What you write must match, character for character, the lines from the one with "Hotel Trio Surakarta" down to the one with "Floral Ruffle Bikini Top - Picture 2 of 10" in the listing below, minus its pictures.
─── Information given
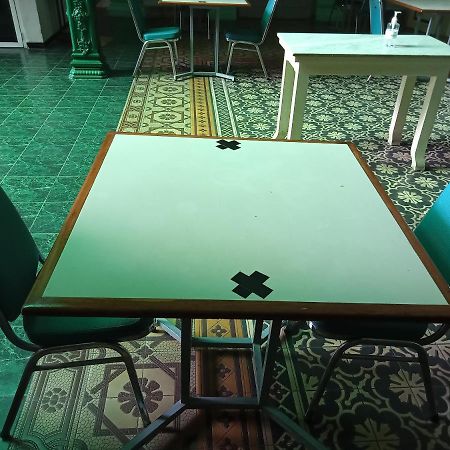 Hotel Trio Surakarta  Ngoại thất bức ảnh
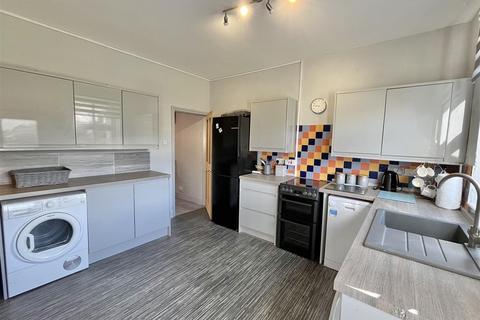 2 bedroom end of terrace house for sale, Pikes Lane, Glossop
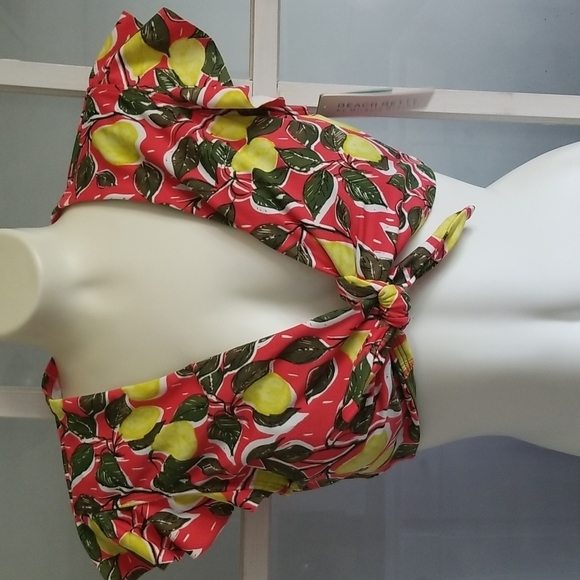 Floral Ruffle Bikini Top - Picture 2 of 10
──────
─── Information given
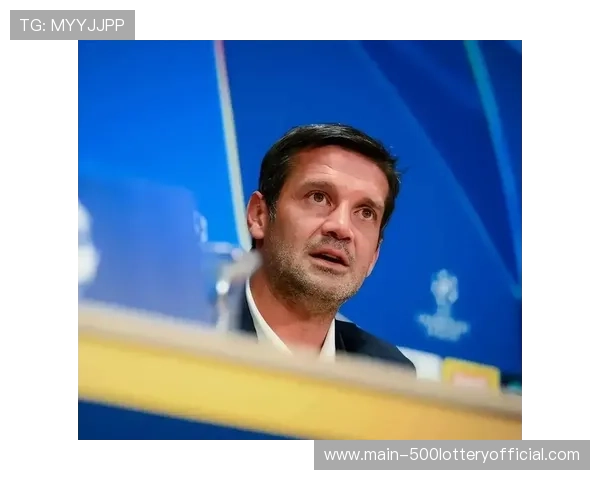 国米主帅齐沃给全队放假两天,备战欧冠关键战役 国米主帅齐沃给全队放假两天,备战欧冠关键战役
──────
— Answer section —
 Hotel Trio Surakarta  Ngoại thất bức ảnh
 2 bedroom end of terrace house for sale, Pikes Lane, Glossop
 Floral Ruffle Bikini Top - Picture 2 of 10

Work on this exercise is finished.